(Web page caption snippets)
- - -

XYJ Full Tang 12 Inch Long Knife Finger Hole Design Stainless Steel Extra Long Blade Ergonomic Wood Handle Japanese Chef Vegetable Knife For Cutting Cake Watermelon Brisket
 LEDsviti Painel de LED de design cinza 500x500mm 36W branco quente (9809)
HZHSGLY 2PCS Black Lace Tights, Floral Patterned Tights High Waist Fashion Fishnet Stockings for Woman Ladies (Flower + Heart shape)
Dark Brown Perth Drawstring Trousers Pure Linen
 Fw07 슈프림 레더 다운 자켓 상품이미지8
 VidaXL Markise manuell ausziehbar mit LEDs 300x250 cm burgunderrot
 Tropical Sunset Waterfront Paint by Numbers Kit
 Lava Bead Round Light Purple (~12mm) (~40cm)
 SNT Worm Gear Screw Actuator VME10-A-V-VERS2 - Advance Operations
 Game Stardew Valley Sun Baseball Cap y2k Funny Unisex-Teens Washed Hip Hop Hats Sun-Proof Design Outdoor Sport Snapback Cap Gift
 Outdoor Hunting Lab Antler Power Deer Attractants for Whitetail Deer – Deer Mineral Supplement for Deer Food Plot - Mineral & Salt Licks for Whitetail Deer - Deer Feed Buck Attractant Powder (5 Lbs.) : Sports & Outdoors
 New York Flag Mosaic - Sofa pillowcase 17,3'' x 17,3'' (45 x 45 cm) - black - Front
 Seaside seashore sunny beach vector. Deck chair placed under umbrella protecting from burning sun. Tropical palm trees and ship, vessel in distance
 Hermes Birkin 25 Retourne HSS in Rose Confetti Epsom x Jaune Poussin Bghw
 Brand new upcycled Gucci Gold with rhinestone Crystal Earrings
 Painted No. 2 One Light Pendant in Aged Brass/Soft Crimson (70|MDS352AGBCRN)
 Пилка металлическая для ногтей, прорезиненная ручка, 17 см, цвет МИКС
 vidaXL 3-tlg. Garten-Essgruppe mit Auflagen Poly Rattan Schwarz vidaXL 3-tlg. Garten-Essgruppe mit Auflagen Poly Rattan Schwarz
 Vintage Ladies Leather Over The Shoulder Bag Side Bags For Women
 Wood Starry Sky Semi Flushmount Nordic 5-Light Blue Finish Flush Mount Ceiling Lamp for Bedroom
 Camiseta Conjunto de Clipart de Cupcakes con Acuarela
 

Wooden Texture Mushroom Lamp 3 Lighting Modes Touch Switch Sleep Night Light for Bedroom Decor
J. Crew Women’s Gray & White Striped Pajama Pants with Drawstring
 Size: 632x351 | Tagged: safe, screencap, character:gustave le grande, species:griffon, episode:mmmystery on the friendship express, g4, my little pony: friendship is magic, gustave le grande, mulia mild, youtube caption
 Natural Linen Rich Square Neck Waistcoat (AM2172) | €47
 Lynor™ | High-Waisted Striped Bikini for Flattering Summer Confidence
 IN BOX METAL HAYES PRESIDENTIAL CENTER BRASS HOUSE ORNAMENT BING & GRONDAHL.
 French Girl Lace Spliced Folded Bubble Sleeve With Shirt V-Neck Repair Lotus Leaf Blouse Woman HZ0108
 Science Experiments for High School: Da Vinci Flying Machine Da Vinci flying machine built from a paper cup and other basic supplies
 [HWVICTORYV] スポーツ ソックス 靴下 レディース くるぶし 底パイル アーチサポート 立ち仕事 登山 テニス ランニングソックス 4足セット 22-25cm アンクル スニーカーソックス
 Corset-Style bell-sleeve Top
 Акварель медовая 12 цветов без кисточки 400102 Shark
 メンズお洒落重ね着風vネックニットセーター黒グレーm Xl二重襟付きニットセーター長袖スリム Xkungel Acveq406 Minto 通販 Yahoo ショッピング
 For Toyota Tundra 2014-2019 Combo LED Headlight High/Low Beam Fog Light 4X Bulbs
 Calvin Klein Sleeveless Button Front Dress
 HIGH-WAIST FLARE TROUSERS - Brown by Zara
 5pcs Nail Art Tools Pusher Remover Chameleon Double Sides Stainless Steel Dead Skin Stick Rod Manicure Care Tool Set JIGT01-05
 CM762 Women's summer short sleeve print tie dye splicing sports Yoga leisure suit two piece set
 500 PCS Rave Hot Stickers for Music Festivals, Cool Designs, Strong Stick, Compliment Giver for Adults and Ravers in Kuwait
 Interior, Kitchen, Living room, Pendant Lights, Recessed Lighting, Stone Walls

- - -

● YOUR INSTRUCTIONS
Would you please copy exactly the part of the entries above that begins at the line containing "LEDsviti Painel de" and ends at the line containing "SNT Worm Gear", both lines included?

● COMPLETED EXERCISE
 LEDsviti Painel de LED de design cinza 500x500mm 36W branco quente (9809)
HZHSGLY 2PCS Black Lace Tights, Floral Patterned Tights High Waist Fashion Fishnet Stockings for Woman Ladies (Flower + Heart shape)
Dark Brown Perth Drawstring Trousers Pure Linen
 Fw07 슈프림 레더 다운 자켓 상품이미지8
 VidaXL Markise manuell ausziehbar mit LEDs 300x250 cm burgunderrot
 Tropical Sunset Waterfront Paint by Numbers Kit
 Lava Bead Round Light Purple (~12mm) (~40cm)
 SNT Worm Gear Screw Actuator VME10-A-V-VERS2 - Advance Operations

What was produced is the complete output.